Maureen Mahoney has seen the look many times. When she and one or two friends report to the starter's booth near the first tee, men waiting there roll their eyes and give an expression that unmistakably says, "I hope they're not playing with us."
"Usually, by the end of the round, he has his attitude changed," said Mahoney, a Rockville Centre resident and 10 handicap who made a hole-in-one on a par 4 this year. "We're trying, one golfer at a time."
The golf industry is looking to move more quickly than that. With the number of rounds played having grown stagnant and with private clubs and public courses rocked by the economy, everyone in golf is desperately trying to find ways to make the game grow.
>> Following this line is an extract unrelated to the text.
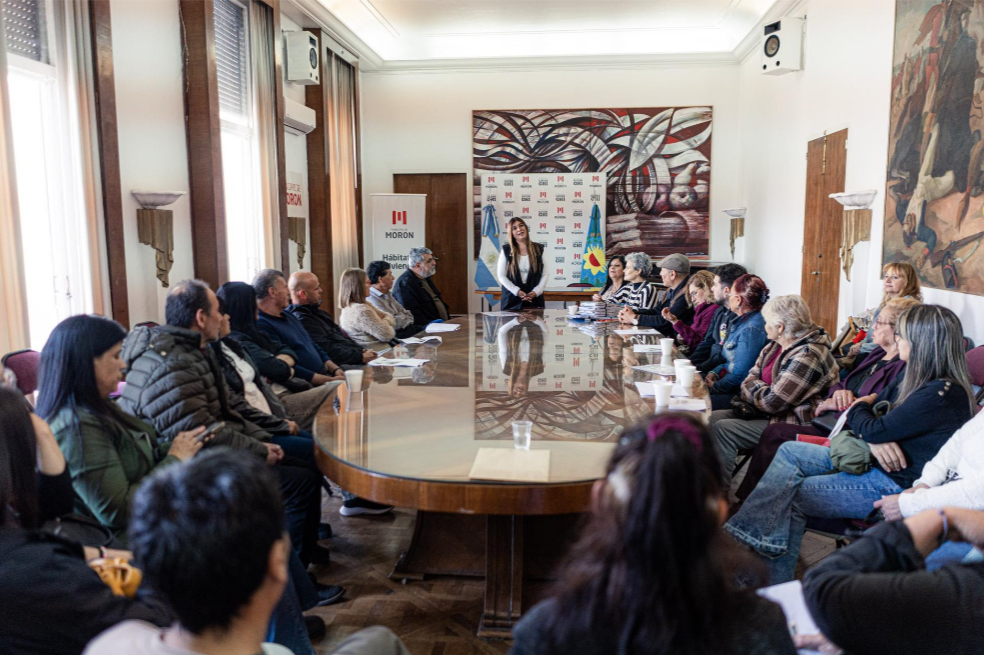 Morón es Hogar: Vecinos y vecinas pudieron firmar sus escrituras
The answer might be as close as the other side of the dinner table and as simple as putting in some new tees and sprucing up the restrooms on courses.
Women have become one of golf's great hopes, which is why the PGA of America and LPGA and other organizations have scheduled many promotions and named June as Women's Golf Month. "I am optimistic about this," said Pam Swensen, chief executive of the 18,000-member Executive Women's Golf Association, another of the organizing groups. "With where the industry is right now, this is one of the avenues that will allow it to grow."
That will mean getting more women interested in golf and getting golf facilities more interested in attracting women golfers. Swensen said that will entail everything from creating a welcoming environment at the bag drop to making women's equipment more available and prominent in pro shops to setting up women's tees differently to having clean restrooms.
"That might sound trivial, but it's not," Swensen said on the phone from Palm Beach Gardens, Fla., adding that restrooms ranked high in an EWGA survey on what women golfers want.
A study by the National Golf Foundation said that only 22 percent of golfers are women. Swensen said that her group's data indicate the number is closer to 20, which means there is room for expansion. She said that people in the golf business have become more receptive to women's ideas, such as those on course setup. Even from the current front tees, most women can't reach most par-4 greens in two shots.
So there is a frustration over not being able "to play the game the way it's supposed to be played," said Swensen, a 25 handicap who took up golf 16 years ago when she was a NYNEX executive and thought it would help her in business. She added that the EWGA would like to see two sets of women's tees on each hole, with courses playing 4,200 from the front. The group also would like to see fairway yardage markers inside 100 yards, which most courses don't have but which many women players could use.
What a person can conclude from those requests is that the women's golf group is advocating mostly minor changes, not a major overhaul. Women golfers do like the game and have been playing it since its earliest days in the U.S.
Swensen is especially proud of the EWGA's Long Island chapter, which is the largest in the country with more than 1,000 members who play matches all over Nassau and Suffolk every week. Mahoney is a member and one of the tournament organizers. She was playing in one of those at Hamlet Wind Watch on May 12, "a dreary day," she said that prompted her to use her driver on the 206-yard seventh hole. The shot went in, and she and the rest of her foursome were high-fiving and taking photos.
"Many women who play golf are just as passionate as the male golfer," she said, adding that she took it up only eight years ago during a trip to Florida, where her sister and brother-in-law live on a course. "We watch it on TV, we know who the players are, we know how to play, where to play. We're not just someone who wants to buy those golf outfits."
She also runs a league for about 50 women on Sunday mornings, which might be a glimpse of golf's future. "We play in anything but lightning," she said. "We play in rain, in snow. There are times when we're the only ones on the course. We're serious about golf."
In a business that is looking for new customers, the golf industry likely will become more serious about them.